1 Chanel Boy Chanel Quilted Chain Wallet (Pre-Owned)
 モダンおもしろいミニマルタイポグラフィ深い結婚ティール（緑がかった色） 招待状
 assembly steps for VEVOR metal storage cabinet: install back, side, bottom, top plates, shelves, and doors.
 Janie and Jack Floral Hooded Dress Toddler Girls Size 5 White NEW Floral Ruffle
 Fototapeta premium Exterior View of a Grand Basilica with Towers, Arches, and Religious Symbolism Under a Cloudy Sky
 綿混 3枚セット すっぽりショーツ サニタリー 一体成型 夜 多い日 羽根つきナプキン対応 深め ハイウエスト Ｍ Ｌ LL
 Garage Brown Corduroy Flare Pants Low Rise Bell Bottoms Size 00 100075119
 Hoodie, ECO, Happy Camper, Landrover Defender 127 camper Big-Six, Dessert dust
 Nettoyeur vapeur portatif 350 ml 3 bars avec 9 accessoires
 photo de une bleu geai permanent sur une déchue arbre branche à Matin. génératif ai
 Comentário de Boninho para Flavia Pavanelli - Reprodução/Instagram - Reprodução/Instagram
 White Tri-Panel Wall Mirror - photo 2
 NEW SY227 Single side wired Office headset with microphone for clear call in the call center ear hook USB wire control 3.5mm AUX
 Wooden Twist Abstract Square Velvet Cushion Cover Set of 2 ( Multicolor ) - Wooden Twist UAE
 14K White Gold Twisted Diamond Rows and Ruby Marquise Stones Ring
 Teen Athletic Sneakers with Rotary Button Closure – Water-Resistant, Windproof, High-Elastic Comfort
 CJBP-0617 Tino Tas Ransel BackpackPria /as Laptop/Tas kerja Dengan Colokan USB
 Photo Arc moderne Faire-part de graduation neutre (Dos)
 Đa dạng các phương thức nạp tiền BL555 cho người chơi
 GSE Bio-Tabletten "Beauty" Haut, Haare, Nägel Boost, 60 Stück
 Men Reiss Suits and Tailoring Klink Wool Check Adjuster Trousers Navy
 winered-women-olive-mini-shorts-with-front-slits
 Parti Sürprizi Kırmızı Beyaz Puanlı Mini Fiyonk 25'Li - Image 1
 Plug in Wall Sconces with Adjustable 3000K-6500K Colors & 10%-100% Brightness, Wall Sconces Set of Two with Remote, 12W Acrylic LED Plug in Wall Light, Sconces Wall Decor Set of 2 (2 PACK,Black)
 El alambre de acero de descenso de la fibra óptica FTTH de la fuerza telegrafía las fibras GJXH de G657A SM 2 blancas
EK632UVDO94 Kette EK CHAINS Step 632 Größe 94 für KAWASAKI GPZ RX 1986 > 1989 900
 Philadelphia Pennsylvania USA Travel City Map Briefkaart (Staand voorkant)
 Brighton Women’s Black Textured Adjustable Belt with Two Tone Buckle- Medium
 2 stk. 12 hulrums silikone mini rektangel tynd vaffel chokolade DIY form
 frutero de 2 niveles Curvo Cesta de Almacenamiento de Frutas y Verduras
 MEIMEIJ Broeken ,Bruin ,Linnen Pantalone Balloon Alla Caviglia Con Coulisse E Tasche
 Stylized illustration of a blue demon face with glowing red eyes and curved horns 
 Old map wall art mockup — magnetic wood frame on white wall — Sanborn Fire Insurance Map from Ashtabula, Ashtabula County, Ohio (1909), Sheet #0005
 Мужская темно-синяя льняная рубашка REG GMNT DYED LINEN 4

Exercise directions: Using the data above, reproduce exactly the lines from the line that contains "winered-women-olive-mini-shorts-with-front-slits" through the line that contains "Plug in Wall Sconces", including both.

The answer:
 winered-women-olive-mini-shorts-with-front-slits
 Parti Sürprizi Kırmızı Beyaz Puanlı Mini Fiyonk 25'Li - Image 1
 Plug in Wall Sconces with Adjustable 3000K-6500K Colors & 10%-100% Brightness, Wall Sconces Set of Two with Remote, 12W Acrylic LED Plug in Wall Light, Sconces Wall Decor Set of 2 (2 PACK,Black)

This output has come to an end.